__The task__
Make an exact copy of the whole listing, but leave its pictures out.

__Given material__
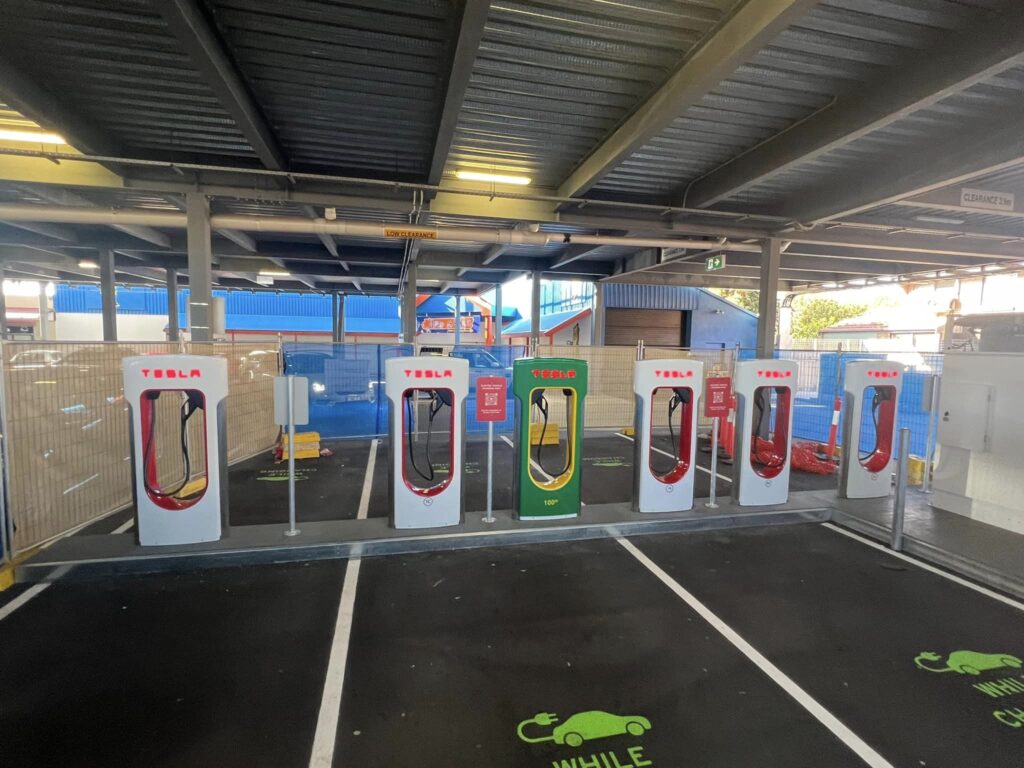 Tesla Australia Celebrates Achievement with 100th Supercharger Location, Highlights Green and Gold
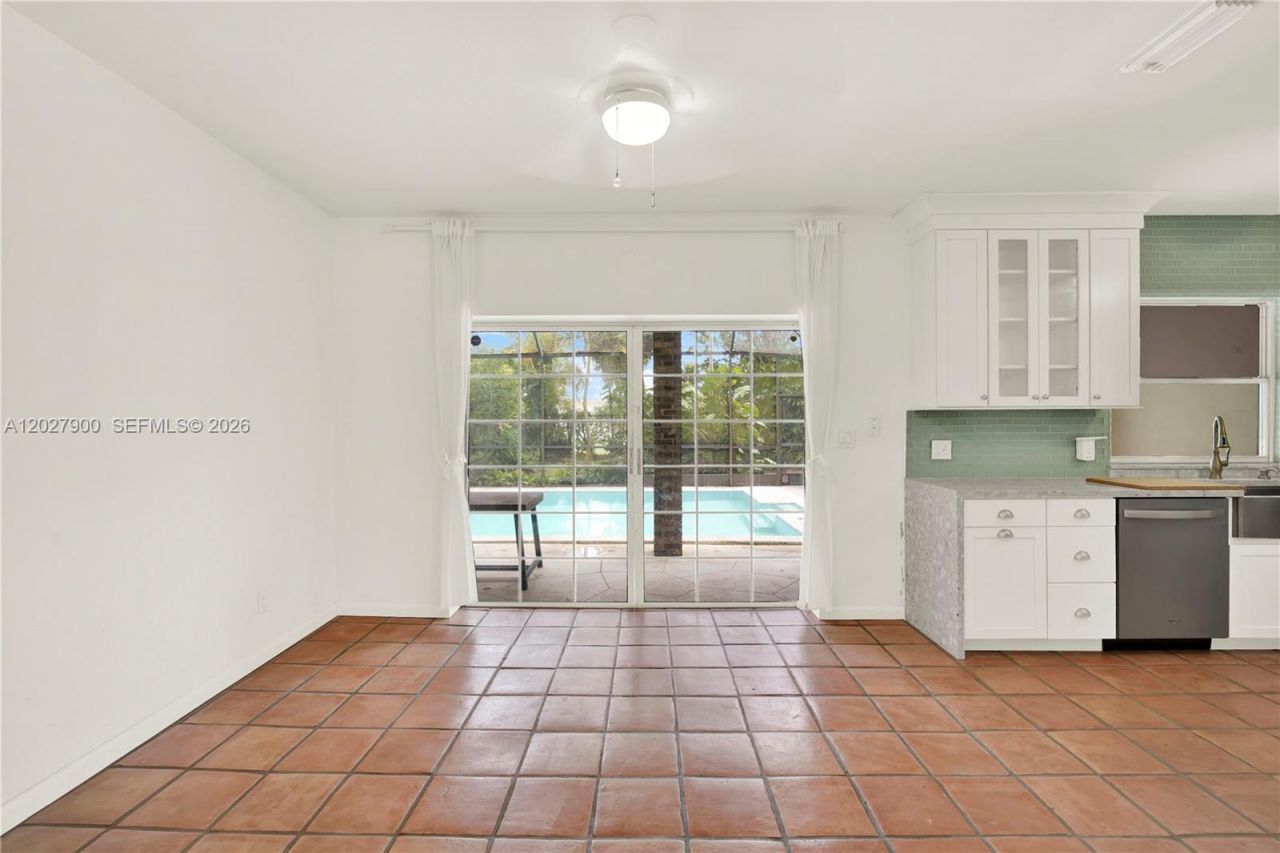6980 SW 104th St, Pinecrest, FL 33156 Photo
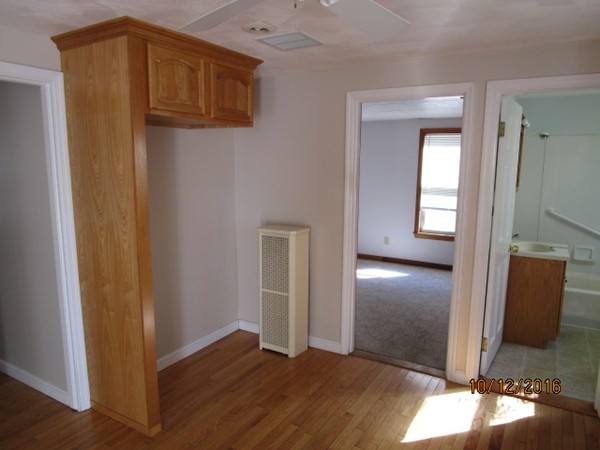 464 Sunderland Road Worcester, MA 01604 - Photo 5 of 9 Gallery Image 5
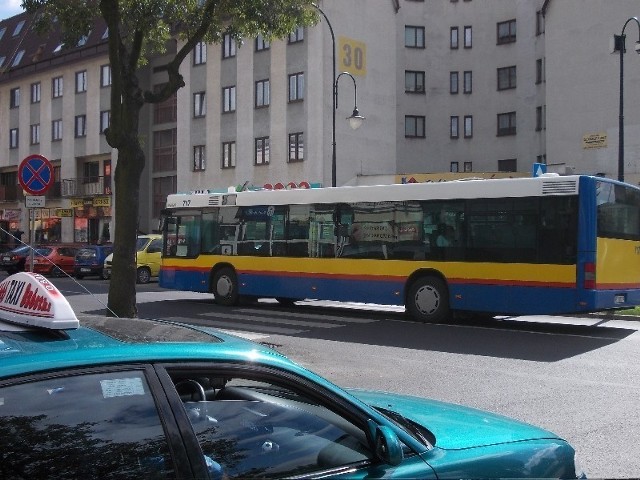 Z powodu zamknięcia dla ruchu prawego pasa al. Jachowicza przy skrzyżowaniu z ul. Bielską na czas remontu nawierzchni autobusy kilkunastu linii pojadą objazdami.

__Result below__
 Tesla Australia Celebrates Achievement with 100th Supercharger Location, Highlights Green and Gold
6980 SW 104th St, Pinecrest, FL 33156 Photo
 464 Sunderland Road Worcester, MA 01604 - Photo 5 of 9 Gallery Image 5
 Z powodu zamknięcia dla ruchu prawego pasa al. Jachowicza przy skrzyżowaniu z ul. Bielską na czas remontu nawierzchni autobusy kilkunastu linii pojadą objazdami.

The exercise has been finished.